Minare yasağından Avrupa’daki Yahudiler de endişeli

Avrupa Yahudi din adamları İsviçre’de ortaya çıkan minare yasağının yabancı düşmanlığını körükleyeceği ve dini hoşgörüsüzlüğün Yahudilere karşı da yönelebileceği uyarısında bulundu. Moskova’da iki günlük bir konferans gerçekleştiren Avrupa Yahudi din adamları, İsviçre’nin referandum yaparak minareleri yasaklama kararını da kınadı.

Reuters’a açıklamada bulunan Avrupa Yahudileri Uluslararası İlişkiler Direktörü Philip Carmel, “Biz doğrudan Yahudilere saldırı şeklinde bir durum görmüyoruz. Ancak İsviçre örneği çok klasik. Aşırılıkçılara verilen hakların sadece Müslümanlar’a yönelik olabileceğini düşünemeyiz. Aşırı ırkçı gruplara ya da yabancı düşmanlarına sağlanan destek, Yahudiler için de kötüdür. Aşırı sağcı düşüncelerin gelişmesi yabancı düşmanlığını da yasal hale getiriyor.” eleştirisi getirdi.

Konferansta minare yasağı ile birlikte belirginleşen aşırı sağcı düşüncelerin gelişmesinin Yahudiler için de olumsuz bir durum olarak değerlendirildiğini ifade eden Carmel, “40 ülkeden 800’den fazla haham toplantıda yer aldı. Hahamlar Rusya’da Yahudi yaşamının yeniden canlanmasından duydukları memnuniyeti ifade etti.” dedi. Sovyetler Birliği döneminde inananlara acımasızca zulmedildiğini ve on binlerce insanın da göç etmek zorunda kaldığını hatırlatan Carmel, minare yasağına tepki olarak ortaya çıkacak aşırılıkların da Yahudi toplumu için Avrupa’da yaşamı zorlayacağına dikkat çekti.

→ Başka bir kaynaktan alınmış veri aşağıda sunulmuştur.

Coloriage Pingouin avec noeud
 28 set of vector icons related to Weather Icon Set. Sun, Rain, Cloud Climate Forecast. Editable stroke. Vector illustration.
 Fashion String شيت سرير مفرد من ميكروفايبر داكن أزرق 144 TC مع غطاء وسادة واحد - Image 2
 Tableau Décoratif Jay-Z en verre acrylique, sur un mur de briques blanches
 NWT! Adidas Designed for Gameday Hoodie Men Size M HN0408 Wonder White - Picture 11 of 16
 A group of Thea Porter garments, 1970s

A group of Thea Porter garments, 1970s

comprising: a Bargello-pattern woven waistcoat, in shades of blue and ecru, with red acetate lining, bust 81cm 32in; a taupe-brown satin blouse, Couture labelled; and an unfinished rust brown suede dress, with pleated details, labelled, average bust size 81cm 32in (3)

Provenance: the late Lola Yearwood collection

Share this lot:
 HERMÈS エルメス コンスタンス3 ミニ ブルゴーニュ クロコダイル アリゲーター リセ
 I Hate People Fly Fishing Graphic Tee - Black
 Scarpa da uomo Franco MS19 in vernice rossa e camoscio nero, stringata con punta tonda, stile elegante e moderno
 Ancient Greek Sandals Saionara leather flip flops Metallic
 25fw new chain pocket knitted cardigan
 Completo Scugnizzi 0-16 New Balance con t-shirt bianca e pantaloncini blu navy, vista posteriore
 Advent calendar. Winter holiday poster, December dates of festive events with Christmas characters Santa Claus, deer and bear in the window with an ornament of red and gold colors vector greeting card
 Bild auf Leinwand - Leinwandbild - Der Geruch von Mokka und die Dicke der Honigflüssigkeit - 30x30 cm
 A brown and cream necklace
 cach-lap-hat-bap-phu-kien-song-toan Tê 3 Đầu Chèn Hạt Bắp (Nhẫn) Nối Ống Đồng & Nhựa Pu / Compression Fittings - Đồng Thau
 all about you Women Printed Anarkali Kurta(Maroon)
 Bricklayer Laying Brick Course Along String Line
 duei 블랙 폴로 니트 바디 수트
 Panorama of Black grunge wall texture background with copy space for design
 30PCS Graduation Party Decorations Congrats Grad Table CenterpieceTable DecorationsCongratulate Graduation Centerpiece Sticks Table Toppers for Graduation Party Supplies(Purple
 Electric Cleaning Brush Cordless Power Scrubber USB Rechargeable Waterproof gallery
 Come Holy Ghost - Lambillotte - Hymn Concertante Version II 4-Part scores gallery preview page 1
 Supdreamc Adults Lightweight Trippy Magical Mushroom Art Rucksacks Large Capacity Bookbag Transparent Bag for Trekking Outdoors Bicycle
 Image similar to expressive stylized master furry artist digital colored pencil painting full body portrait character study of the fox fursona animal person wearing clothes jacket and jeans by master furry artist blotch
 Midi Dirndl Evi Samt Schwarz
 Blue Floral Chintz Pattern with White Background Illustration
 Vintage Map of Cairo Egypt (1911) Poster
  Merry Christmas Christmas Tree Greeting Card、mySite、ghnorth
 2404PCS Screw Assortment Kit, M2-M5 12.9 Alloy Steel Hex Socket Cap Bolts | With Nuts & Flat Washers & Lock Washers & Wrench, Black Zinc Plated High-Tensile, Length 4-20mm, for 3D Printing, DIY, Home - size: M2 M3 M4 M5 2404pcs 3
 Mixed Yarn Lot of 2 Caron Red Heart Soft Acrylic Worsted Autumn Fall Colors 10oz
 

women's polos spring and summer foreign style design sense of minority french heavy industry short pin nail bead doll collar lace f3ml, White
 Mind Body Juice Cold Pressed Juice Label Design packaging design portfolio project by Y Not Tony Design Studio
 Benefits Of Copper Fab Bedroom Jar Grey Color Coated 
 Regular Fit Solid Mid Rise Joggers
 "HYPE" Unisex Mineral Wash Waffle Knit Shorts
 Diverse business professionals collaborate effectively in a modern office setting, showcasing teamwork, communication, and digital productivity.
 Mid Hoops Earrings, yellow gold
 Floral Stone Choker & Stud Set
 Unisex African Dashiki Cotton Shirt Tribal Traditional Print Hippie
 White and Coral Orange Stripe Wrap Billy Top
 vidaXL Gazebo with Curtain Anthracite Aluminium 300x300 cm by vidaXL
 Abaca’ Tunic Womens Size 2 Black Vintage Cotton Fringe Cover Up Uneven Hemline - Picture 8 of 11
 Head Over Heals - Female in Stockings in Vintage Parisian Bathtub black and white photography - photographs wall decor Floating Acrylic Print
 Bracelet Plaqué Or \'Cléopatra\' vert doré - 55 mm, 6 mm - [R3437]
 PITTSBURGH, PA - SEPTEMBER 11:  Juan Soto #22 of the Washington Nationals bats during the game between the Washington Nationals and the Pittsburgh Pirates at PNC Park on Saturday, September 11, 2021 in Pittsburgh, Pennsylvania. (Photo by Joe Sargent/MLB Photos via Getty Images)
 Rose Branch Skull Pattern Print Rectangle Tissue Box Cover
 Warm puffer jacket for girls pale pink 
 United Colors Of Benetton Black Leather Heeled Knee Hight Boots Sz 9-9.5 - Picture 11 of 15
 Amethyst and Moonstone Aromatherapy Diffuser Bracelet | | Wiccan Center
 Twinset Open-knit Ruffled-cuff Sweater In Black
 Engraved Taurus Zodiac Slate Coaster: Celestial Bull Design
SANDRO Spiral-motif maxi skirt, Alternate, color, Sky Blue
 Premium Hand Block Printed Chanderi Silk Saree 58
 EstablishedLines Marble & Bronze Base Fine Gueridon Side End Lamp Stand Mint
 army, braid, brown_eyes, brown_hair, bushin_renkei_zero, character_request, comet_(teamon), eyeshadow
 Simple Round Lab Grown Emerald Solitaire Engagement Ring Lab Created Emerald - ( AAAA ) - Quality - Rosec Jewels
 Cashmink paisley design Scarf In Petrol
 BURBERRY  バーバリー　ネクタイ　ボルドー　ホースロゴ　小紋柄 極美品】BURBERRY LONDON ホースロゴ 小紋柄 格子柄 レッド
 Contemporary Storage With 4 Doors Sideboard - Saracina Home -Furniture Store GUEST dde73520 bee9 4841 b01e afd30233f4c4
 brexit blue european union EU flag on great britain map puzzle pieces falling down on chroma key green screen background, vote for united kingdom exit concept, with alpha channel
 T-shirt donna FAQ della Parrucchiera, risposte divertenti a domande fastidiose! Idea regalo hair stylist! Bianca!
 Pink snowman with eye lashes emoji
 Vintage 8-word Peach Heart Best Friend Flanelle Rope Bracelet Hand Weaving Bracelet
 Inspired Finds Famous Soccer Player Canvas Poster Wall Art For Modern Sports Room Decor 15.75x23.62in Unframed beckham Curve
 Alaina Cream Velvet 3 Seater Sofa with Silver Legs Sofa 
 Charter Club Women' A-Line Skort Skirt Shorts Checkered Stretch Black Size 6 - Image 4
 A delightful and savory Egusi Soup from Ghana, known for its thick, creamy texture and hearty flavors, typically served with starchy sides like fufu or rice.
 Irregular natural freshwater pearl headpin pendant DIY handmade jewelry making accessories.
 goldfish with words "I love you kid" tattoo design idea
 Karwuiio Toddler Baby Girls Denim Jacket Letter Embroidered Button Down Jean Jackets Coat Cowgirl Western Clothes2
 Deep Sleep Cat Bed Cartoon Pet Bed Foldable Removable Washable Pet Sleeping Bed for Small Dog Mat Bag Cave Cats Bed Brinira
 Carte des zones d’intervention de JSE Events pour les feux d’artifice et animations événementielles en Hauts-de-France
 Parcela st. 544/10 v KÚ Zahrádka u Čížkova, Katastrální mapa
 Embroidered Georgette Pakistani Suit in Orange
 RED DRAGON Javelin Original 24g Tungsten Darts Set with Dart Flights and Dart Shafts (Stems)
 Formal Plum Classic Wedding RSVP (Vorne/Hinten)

Londra’dan toplantıya katılan Haham Jonasan Abraham da yaptığı açıklamada trajik bir durumla karşı karşıya kaldıklarını ifade ederek, bir Yahudi olarak Moskova sokaklarında yürümenin, düşmanlıkların arttığı Batı Avrupa başkentlerinden daha güvenli hale geldiği tespitinde bulundu.

Avrupa hükümetlerini aşırılıkçı gruplarla diyaloğa girmemeleri konusunda uyaran Yahudi din adamları, “Müslüman toplulukların şemsiye bir yapıları olmadığı için, politikacılar sesi daha yüksek çıkanla iletişime geçiyor. Ancak bunlar gerçekte müslüman toplumun temsilcileri değil.” eleştirisi getirdi.

Avrupa Hahamları Konferansı Direktörü Pinchas Dunner de yaptığı değerlendirmede dini özgürlüklerin yasaklanmasının İslami aşırılıkların önünü almayacağını ifade ederek, “Radikal gruplarla mücadelede en iyi yol, orta yolun desteklenmesi ve dinlerarası diyaloğun teşvik edilmesidir.” dedi. ABD Yahudi Topluluğu’ndan David Harris de, İsviçre’nin aldığı minare yasağı kararını, ‘toplumlar arası karşılıklı anlayışın temel kurallarına saldırı’ olarak niteledi.

Bir dönem başta kiliseler ve camiler olmak üzere tüm ibadethanelerin yıkıldığı Rusya’da, Ortodoks Hristiyanlık, Müslümanlık, Yahudilik ve Budizm devlet dini olarak görülüyor. 4 Kasım’da grçekleşen ‘Ulusal Birlik’ gününde tüm din temsilcileri Kızıl Meydan’da birlikte yürüyerek dinler arası barış ve hoşgörünün örneğini sergilemişlerdi.